Detailed Explanation of MySQL Removing Duplicate Data Example

2021-08-21 21:42:58
OfStack

There are two meanings of duplicate records, 1 is a completely duplicate record, that is, all fields are duplicate, and 2 is a partially duplicate record. For the first kind of duplication, it is easy to solve, only use distinct keyword to remove duplication in query statement, and almost all database systems support distinct operation. The main reason for this duplication is that the table is poorly designed, which can be avoided by adding primary keys or only 1 index columns to the table.


select distinct * from t;

For the second type of duplicate problem, it is usually required to find any one of the duplicate records. Assuming that the table t has three fields: id, name and address, id is the primary key, and the duplicate fields are name and address, it is required to get a result set with only one of these two fields.

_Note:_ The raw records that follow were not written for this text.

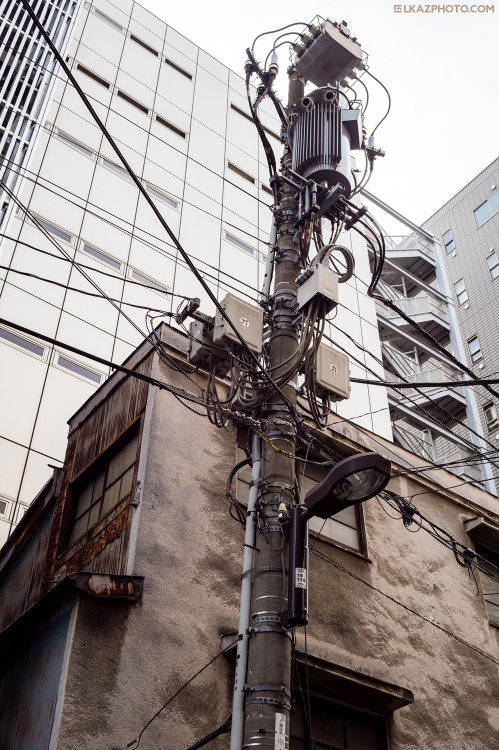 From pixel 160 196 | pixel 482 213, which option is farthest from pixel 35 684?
pixel 482 213

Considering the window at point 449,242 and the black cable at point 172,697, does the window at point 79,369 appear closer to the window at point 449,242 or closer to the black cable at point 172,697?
the black cable at point 172,697

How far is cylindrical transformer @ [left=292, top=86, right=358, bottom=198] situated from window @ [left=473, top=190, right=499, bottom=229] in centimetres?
3659

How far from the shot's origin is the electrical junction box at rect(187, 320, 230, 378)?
8117 mm

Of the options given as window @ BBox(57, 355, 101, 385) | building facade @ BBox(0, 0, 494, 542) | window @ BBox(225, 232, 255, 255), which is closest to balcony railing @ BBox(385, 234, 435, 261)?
building facade @ BBox(0, 0, 494, 542)

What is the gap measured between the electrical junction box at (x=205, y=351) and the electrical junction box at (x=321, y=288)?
1012mm

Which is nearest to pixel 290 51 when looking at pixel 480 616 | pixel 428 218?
pixel 480 616

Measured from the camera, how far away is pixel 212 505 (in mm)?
10195

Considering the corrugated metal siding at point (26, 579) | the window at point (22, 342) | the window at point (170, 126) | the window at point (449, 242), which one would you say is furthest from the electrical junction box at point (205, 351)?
the window at point (449, 242)

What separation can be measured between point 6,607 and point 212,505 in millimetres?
5244

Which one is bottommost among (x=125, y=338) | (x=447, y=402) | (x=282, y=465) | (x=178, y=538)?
(x=282, y=465)

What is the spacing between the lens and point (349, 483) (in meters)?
6.44

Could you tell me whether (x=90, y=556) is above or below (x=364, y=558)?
below

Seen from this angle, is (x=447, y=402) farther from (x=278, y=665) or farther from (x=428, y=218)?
(x=278, y=665)

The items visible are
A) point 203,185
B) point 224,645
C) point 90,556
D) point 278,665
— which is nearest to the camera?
point 278,665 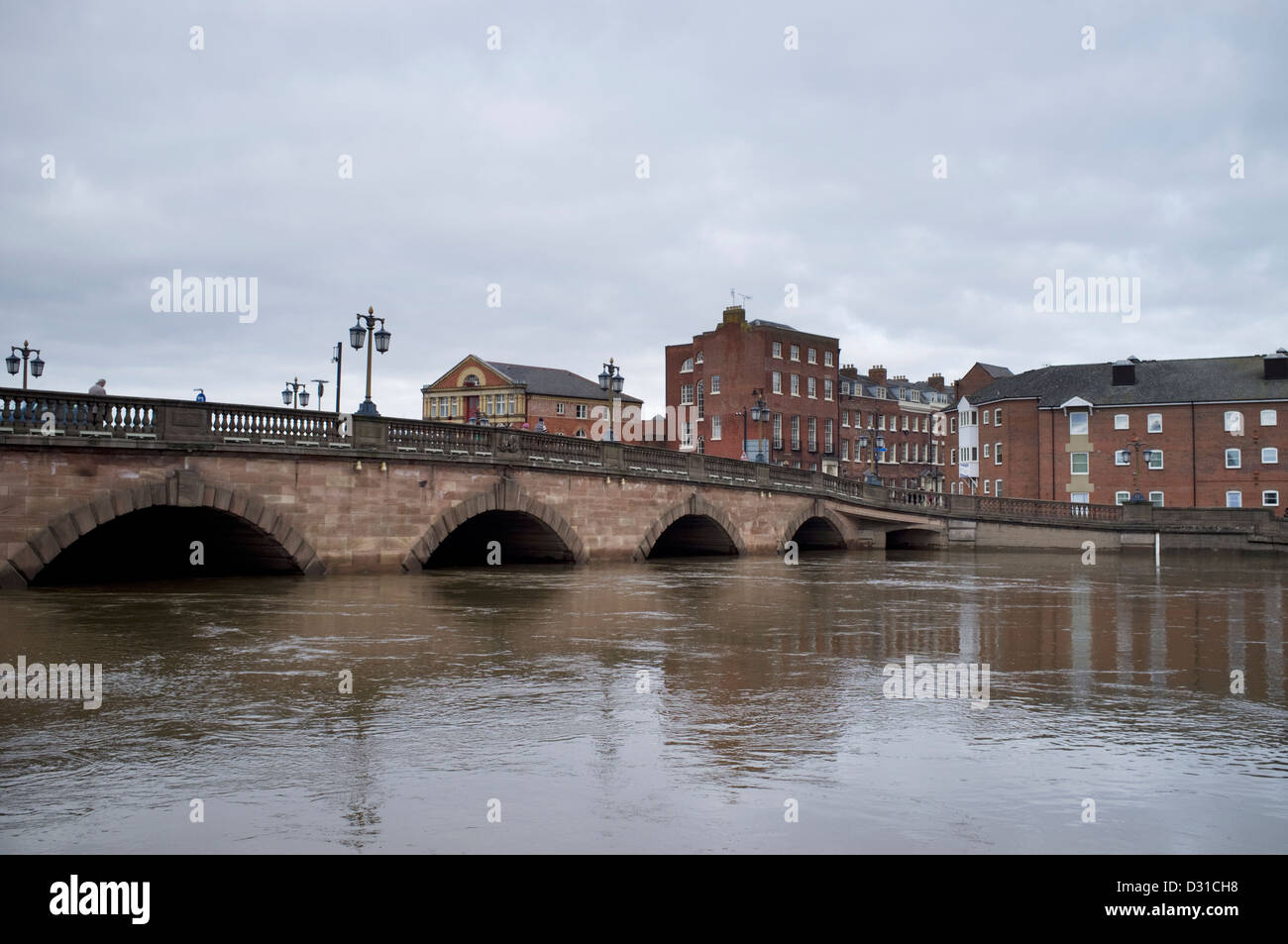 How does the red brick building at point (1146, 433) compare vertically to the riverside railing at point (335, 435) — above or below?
above

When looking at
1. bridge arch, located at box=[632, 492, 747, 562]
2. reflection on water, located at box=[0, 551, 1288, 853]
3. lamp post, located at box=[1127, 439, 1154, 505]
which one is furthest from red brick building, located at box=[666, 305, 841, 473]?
reflection on water, located at box=[0, 551, 1288, 853]

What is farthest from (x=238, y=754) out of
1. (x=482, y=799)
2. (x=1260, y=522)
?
(x=1260, y=522)

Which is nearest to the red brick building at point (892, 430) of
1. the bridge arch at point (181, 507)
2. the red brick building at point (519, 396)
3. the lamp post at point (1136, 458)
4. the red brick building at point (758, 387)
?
the red brick building at point (758, 387)

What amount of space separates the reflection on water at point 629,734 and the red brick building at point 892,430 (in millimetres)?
76848

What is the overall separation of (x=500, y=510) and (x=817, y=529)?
71.0ft

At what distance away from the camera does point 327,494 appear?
26250 millimetres

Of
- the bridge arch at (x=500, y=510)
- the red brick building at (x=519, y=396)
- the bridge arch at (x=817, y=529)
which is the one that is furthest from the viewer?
the red brick building at (x=519, y=396)

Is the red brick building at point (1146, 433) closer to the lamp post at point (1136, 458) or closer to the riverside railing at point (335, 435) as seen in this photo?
the lamp post at point (1136, 458)

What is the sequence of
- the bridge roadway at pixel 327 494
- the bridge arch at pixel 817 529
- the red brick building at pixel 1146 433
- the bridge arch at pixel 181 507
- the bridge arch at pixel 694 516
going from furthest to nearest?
the red brick building at pixel 1146 433 < the bridge arch at pixel 817 529 < the bridge arch at pixel 694 516 < the bridge roadway at pixel 327 494 < the bridge arch at pixel 181 507

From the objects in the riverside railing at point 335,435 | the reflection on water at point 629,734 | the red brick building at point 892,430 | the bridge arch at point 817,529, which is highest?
the red brick building at point 892,430

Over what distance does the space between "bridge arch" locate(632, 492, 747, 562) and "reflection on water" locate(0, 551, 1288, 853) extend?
16.6 metres

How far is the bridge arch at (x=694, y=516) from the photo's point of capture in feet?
119

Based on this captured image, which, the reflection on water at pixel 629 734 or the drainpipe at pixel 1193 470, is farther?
the drainpipe at pixel 1193 470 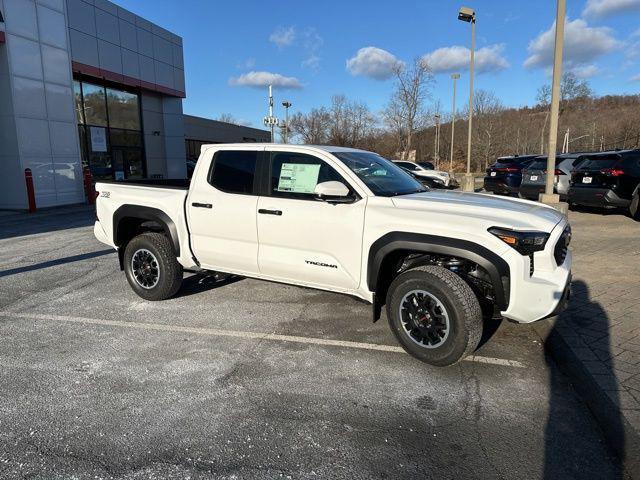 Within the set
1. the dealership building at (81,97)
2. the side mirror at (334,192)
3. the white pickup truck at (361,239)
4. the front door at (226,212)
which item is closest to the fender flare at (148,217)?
the white pickup truck at (361,239)

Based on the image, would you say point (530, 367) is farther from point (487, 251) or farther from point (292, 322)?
point (292, 322)

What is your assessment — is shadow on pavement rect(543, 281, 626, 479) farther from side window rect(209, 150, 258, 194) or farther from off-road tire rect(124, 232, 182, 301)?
off-road tire rect(124, 232, 182, 301)

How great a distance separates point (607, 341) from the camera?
4051mm

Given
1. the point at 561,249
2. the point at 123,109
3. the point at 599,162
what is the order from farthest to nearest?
A: the point at 123,109
the point at 599,162
the point at 561,249

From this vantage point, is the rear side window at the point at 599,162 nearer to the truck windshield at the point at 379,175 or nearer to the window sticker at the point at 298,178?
the truck windshield at the point at 379,175

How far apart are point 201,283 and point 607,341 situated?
4789 mm

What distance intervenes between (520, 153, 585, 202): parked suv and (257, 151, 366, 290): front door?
10.8 m

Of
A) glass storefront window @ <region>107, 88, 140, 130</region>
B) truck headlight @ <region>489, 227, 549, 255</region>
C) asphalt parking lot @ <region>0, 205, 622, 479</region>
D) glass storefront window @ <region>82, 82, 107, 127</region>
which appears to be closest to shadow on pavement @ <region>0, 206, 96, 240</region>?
asphalt parking lot @ <region>0, 205, 622, 479</region>

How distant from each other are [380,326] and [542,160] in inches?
471

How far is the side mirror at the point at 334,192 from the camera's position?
400cm

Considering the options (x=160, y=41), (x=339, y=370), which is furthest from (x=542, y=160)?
(x=160, y=41)

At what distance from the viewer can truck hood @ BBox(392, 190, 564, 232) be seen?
3.59 m

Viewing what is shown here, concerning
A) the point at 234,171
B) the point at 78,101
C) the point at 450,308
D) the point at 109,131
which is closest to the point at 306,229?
the point at 234,171

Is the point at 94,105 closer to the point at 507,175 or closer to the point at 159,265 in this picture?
the point at 507,175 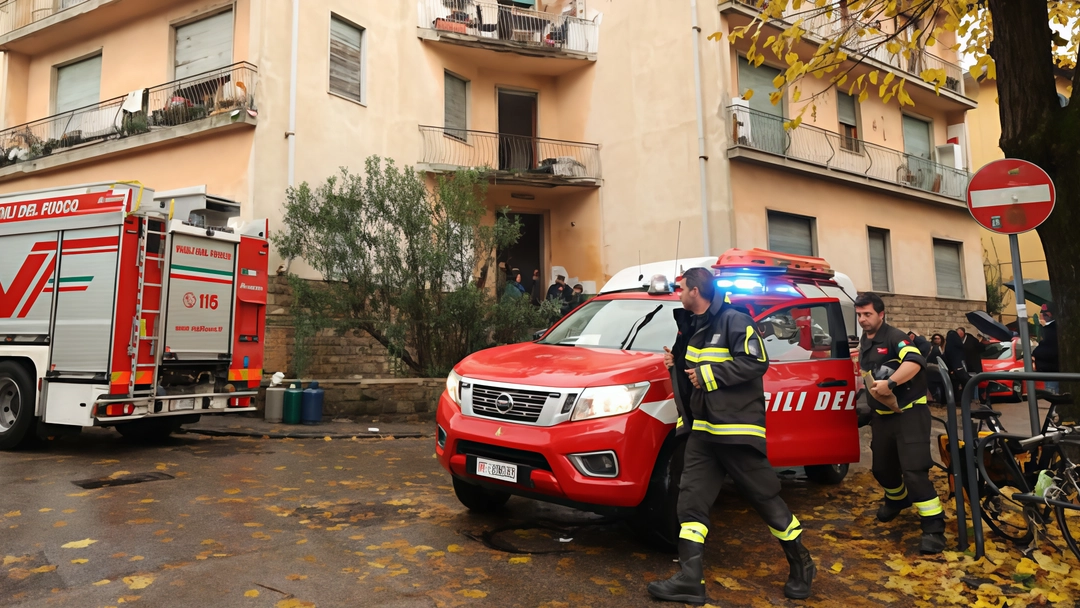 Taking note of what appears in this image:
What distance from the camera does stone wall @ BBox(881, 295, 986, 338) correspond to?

--Oracle, MySQL, using related subqueries


select * from t t1

 where t1.id =

 (select min(t2.id)

  from t t2

  where t1.name = t2.name and t1.address = t2.address);

--Hive only supports subqueries in the FROM clause, which must have a name and columns must be only 1


select t1.*

 from t t1,

   (select name, address, min(id) id from t group by name, address) t2

 where t1.id = t2.id;

--You can also use the row_number () parsing function of hive


select t.id, t.name, t.address

 from (select id, name, address,

row_number() over (distribute by name, address sort by id) as rn 

     from t) t 

 where t.rn=1;

Thank you for reading, hope to help everyone, thank you for your support to this site!